What complicates matters is how mast cell activation can blur its edges with so many of the overlapping conditions. It weaves through IBS flare-ups, unexplained migraines, mysterious bruises, and even the infamous postural spikes and crashes. The body, in a sense, keeps the score not only in tender joints and erratic heartbeats but in every episode of itching, swelling, and gastrointestinal rebellion. Sometimes, it feels as if my immune system is an over-caffeinated security guard, sounding the alarm on shadows—hyperreactive, unpredictable, and easily triggered by stress, temperature shifts, or seemingly nothing at all.

Recognizing these patterns—tracking which foods, environments, or stressors precede a flare—became another data-point in my detective work that I am starting to watch.
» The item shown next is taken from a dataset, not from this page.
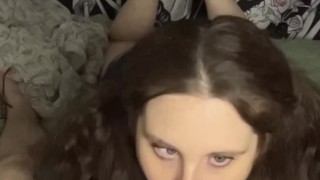 BBW sucking out daddy’s thick hot CUMLOAD from the tip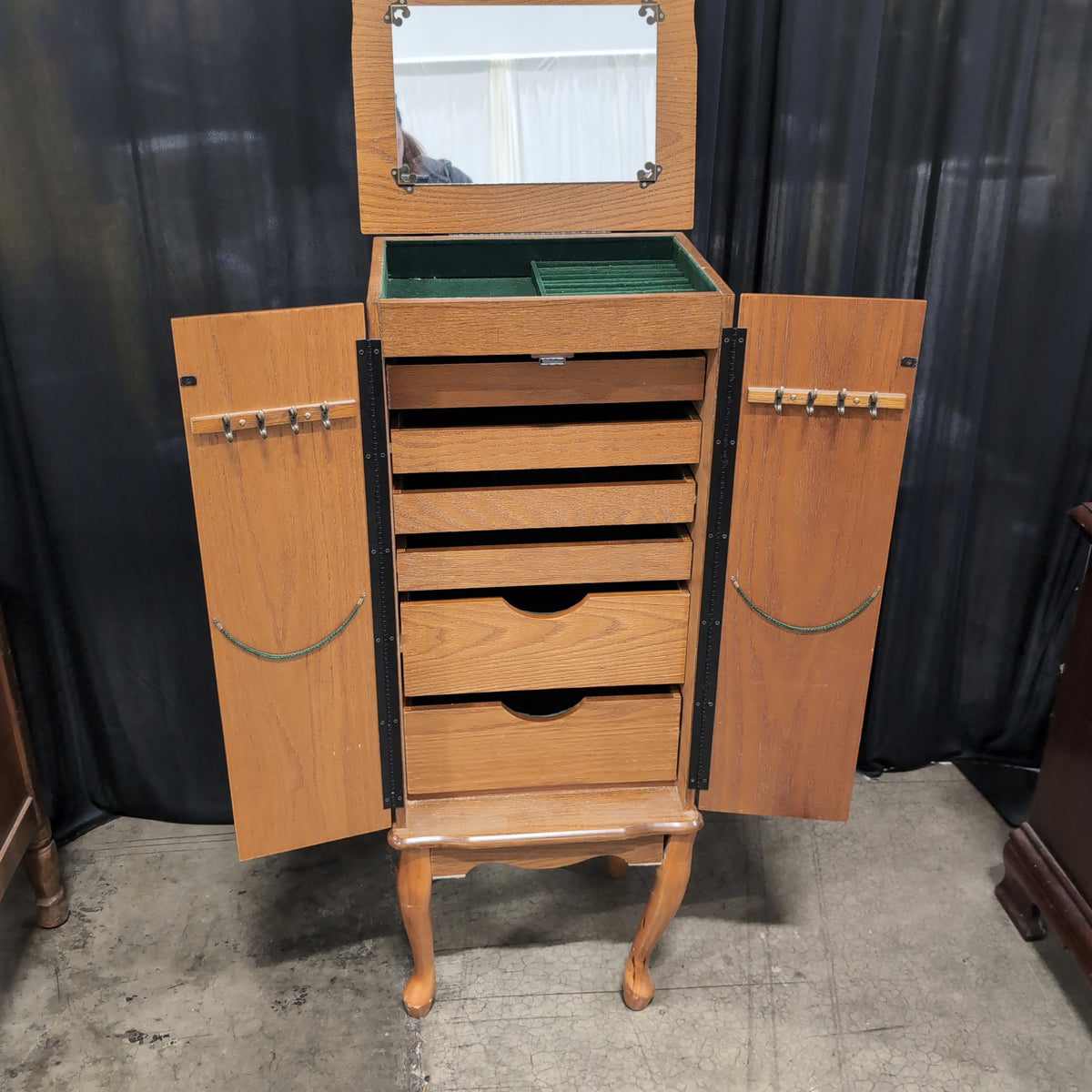 Oak Wood Two-Door Audio Cabinet with Cabriole Legs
Antihistamines, low-histamine diets, and mast cell stabilizers may become just as important as compression and salt. Where some see only allergy, those of us living with chronic autonomic dysfunction know it’s a much deeper narrative, threaded through every system, every odd reaction, sometimes every day. In the end, understanding the role of histamine and mast cells has become essential—another layer in the complex puzzle of living with these intertwined syndromes, and another reason self-advocacy and vigilance are so critical.

And so here I am, heart pounding as I type these words, racing through a first-person chaos writing that spans cardiology textbooks and midnight epiphanies. I’m stitching together my spikes and tumbles, my saline miracles and compression victories, my hypermobile souvenirs and EDS-spiced connective tissue oddities, all in pursuit of a single truth: that adult POTS can be measured in beats per minute but must be lived in every breath, every trembling step, every sweat-slicked summer afternoon.